Search for your-domain.com, changeme, and CHANGEME and replace with your actual values.
Copy-paste without modification will NOT work.
Architecture Overview
Eneo uses a microservices architecture with six core services.
| Service | Technology | Port | Role |
|---|---|---|---|
| Frontend | SvelteKit | 3000 | Web interface, SSR |
| Backend | FastAPI (Python) | 8000 | API server, authentication |
| Worker | ARQ | - | Background processing, document indexing |
| Database | PostgreSQL 16 + pgvector | 5432 | Data storage, vector search |
| Redis | Redis 7 | 6379 | Cache, task queue |
| db-init | Python | - | One-time database initialization |
Traefik is provided as an example reverse proxy, not a requirement. You can use nginx, HAProxy, Caddy, or any reverse proxy that supports the routing requirements below.
Prerequisites
Before deploying, ensure you have:
- Docker and Docker Compose v2+ installed
- Domain name with DNS pointing to your server
- SSL certificate (Let’s Encrypt via Traefik, or your own PKI/CA)

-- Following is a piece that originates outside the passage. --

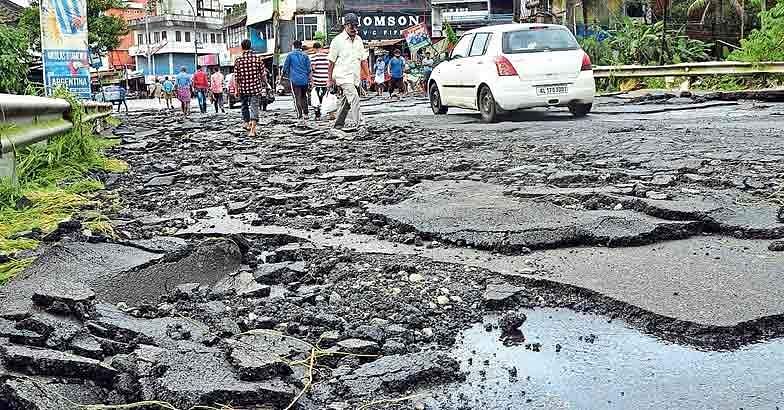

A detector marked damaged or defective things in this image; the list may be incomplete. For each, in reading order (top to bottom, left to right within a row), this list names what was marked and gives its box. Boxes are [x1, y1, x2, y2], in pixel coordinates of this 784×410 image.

- At least one AI provider API key (see AI Provider Configuration)
System Requirements
| Requirement | Minimum | Recommended |
|---|---|---|
| CPU | 2 cores | 4+ cores |
| RAM | 4GB | 8GB+ |
| Disk | 20GB | 50GB+ |
| Network | Ports 80, 443 open | - |
Quick Start
Preflight Checklist - Before running docker compose up:
- Set domain in docker-compose.yml (4 locations)
- Set
POSTGRES_PASSWORD(not “changeme”) - Generate and set
JWT_SECRET(32+ chars) - Set
PUBLIC_ORIGINin both backend and frontend env files - Configure at least ONE AI provider key
- Run
docker network create proxy_tier - Production: Pin image versions instead of
latest(see Version Pinning)
Get deployment files
# Option A: Clone the repository
git clone https://github.com/eneo-ai/eneo.git
cd eneo/docs/deployment/
# Option B: Download files directly
mkdir eneo-deployment && cd eneo-deployment
curl -O https://raw.githubusercontent.com/eneo-ai/eneo/main/docs/deployment/docker-compose.yml
curl -O https://raw.githubusercontent.com/eneo-ai/eneo/main/docs/deployment/env_backend.template
curl -O https://raw.githubusercontent.com/eneo-ai/eneo/main/docs/deployment/env_frontend.template
curl -O https://raw.githubusercontent.com/eneo-ai/eneo/main/docs/deployment/env_db.templateCreate environment files
cp env_backend.template env_backend.env
cp env_frontend.template env_frontend.env
cp env_db.template env_db.envConfigure required values
Generate secrets and update environment files:
# Generate JWT_SECRET (MUST match in backend AND frontend)
JWT_SECRET=$(openssl rand -hex 32)
echo "JWT_SECRET=$JWT_SECRET"
# Generate URL_SIGNING_KEY
echo "URL_SIGNING_KEY=$(openssl rand -hex 32)"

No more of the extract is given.